The premiere was really crowded, and I had to wait a bit to move from photo to photo. As a result, I had a chance to do some eavesdropping. It was incredibly fascinating. Many people who attended the show focused on the form and technique photographers employed. The nature (heh) of the exhibit certainly encouraged technical remarks. Even so, there were a lot of comments that could apply to most photo exhibits. In particular, I heard one gentleman remark on people downright abusing Photoshop to turn photos into paintings. I totally understand that complaint. Even so, at least these individuals used Photoshop in a plausibly convincing manner.
It was a pleasant surprise ti hear so many people focus strictly on what was in front of them. (Pardon the pun. Again.) There wasn’t any speculation about the photographer’s intent or any larger message. It was people simply enjoying the photos at face value. More to the point, it was people who regularly peruse photography taking everything at face value. Seeing and hearing people admire (or criticize) the images themselves proved enlightening. It also made me wonder about other photography audiences.
I admit I haven’t been around non-photography audiences as much as I’ve been around those who are more immersed in the photography world. When I’ve been around the former, the comments are less technical. At the same time, there aren’t many people seeing the exhibited photos as grandiose statements. Some people remarked on how the photos reflected the times. Others noted very general observations about the composition of the photos. You could hear a pin drop when nudity was involved. Hey, I live in the US and am speaking from experience in US museums. What do you expect? In any case, the comments were broad and superficial even in museum settings. I found that to be intriguing. I think I’ll need to make some more observations, though, to see if this holds up.
As you might have guessed from the lack of updates here, my job almost succeeded in eating me alive. Almost.
Oddly enough, it was my job that indirectly tipped off an identity crisis when it comes to photography. When I started training, I learned that two of my cohorts dabble in the craft. One of them happens to be really good at it.I’d rather not share his work here right now (as it will probably lead him here to this blog, which I’m not ready for him to find). Feel free to leave me a comment if you wish to see it. The thing about his portfolio is it made me feel like an inferior photographer. I saw through the fisheye lens and liberal post-production work to suss out solid composition and excellent timing. I am especially impressed with his shots of birds. Given how much I like birdies, I suddenly felt a bit unworthy. The praise posted did not help things. I had a bit of a meltdown over it, and only chats with a few different friends helped me determine what to do in regards to my future in taking pictures.

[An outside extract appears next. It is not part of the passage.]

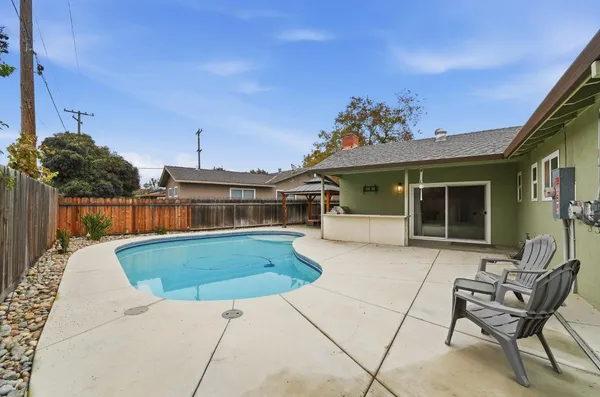 $549,900 | 365 Birchwood Court, Modesto, CA 95350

Long story short, I’ve started to really accept that I’m a technician and not an artist. When I raised the question of quitting photography on Facebook on Writing.com, the point was raised about artistic photography making a statement. Here’s the thing. I don’t always see photography that way, especially artistic works. When I view photos in a physical gallery or exhibit space, I look at how the photo utilizes foreground/midground/background facets of composition. I also consider how much I can immerse myself in the scene on a base level. Ultimately, that’s what I try to do with my photography. I aim to engage sense beyond sight. I want people to imagine the texture of flower petals, the scent of a goat’s enclosure, or hear the breeze jostling objects in a scene. I do this through various in-camera/in the field techniques. I feel that the vast majority of post-processing takes away from achieving this goal. Yes, this does apply to the work of the photographer I mentioned earlier.
When I’ve dabbled in competitions, I have had some success. Aside from my YBS Top 100 milestone, I have people favoriting/voting for my photos on I Shot It. I can’t say for sure if these people are experiencing what I share on a sensory level. It’s all anonymous, kind of like an actual gallery where I’m not around to directly observe their reactions. My photos seem to do things for some people, though. I guess I have that going for me.
Ultimately, camera technique interests me way more than post-processing (even if I can stomach Lightroom). I care more about finding lenses that will best fit my budget and subjects than I do about actions. Staying quiet to not disturb the wildlife I photograph is more important to me than staying on top of photo software updates. If these priorities mean I’m a technical photographer and not an artistic one, then that’s what I am. Why I keep trying my hand at artistic pursuits I’ll never know.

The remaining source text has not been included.